* [WORK TO BE COMPLETED]
Only the text should come through, so restate the listing exactly and drop its images.

* [MATERIAL PROVIDED]
>>>>
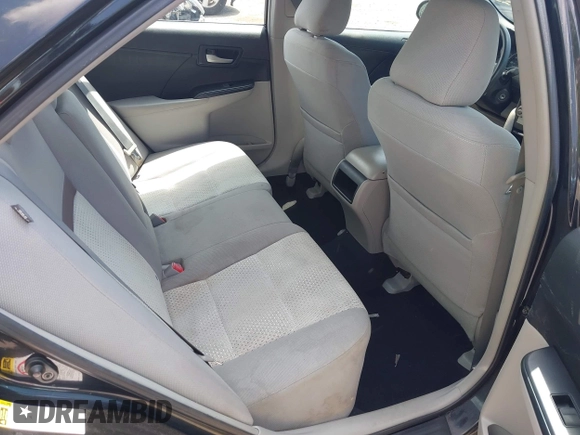 2014 Toyota Camry L with VIN 4T4BF1FKXER402857, listed as a IAAI auction lot 42144757 with 192,081 mi miles and . Bid and sale history available at DreamBid. Image 8.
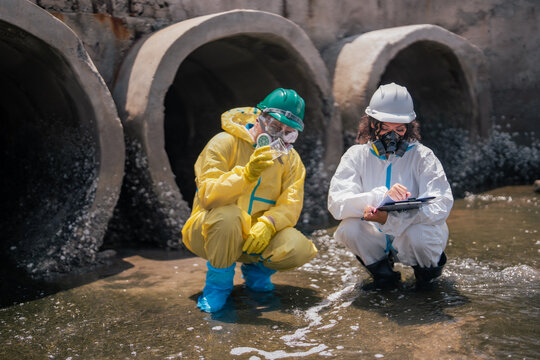 Environmental scientist documents pollution analysis results while hazmat specialist examines wastewater sample near industrial drainage infrastructure and coastal contamination site.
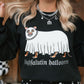 A woman wearing a black crewneck sweatshirt with a graphic of a white ghostly cat with orange paws and the text 'highfalutin halloween', paired with a black and white polka dot skirt.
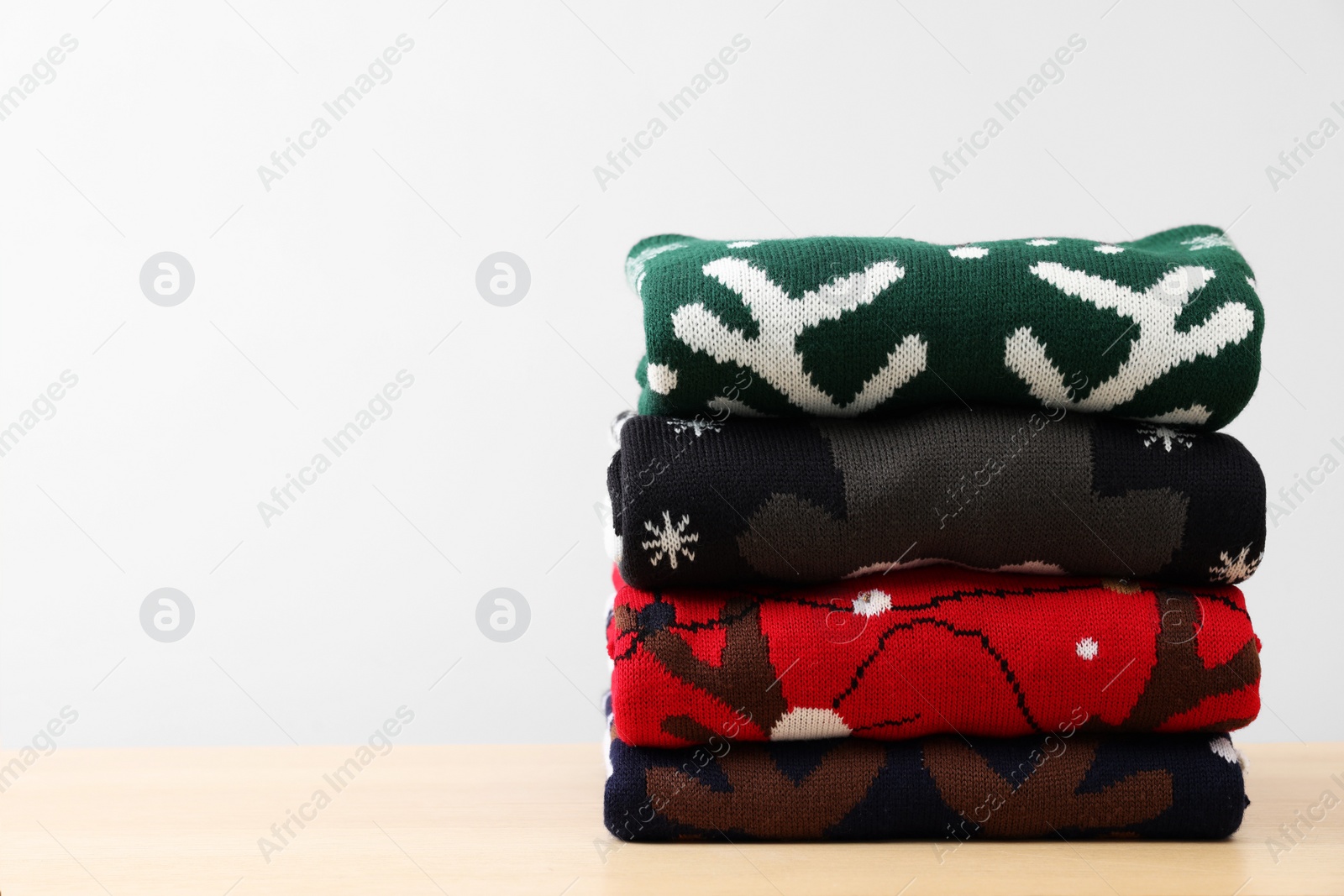 Photo of Stack of different Christmas sweaters on table against light background. Space for text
<<<<
* [ANSWER SECTION]
 2014 Toyota Camry L with VIN 4T4BF1FKXER402857, listed as a IAAI auction lot 42144757 with 192,081 mi miles and . Bid and sale history available at DreamBid. Image 8.
 Environmental scientist documents pollution analysis results while hazmat specialist examines wastewater sample near industrial drainage infrastructure and coastal contamination site.
 A woman wearing a black crewneck sweatshirt with a graphic of a white ghostly cat with orange paws and the text 'highfalutin halloween', paired with a black and white polka dot skirt.
 Photo of Stack of different Christmas sweaters on table against light background. Space for text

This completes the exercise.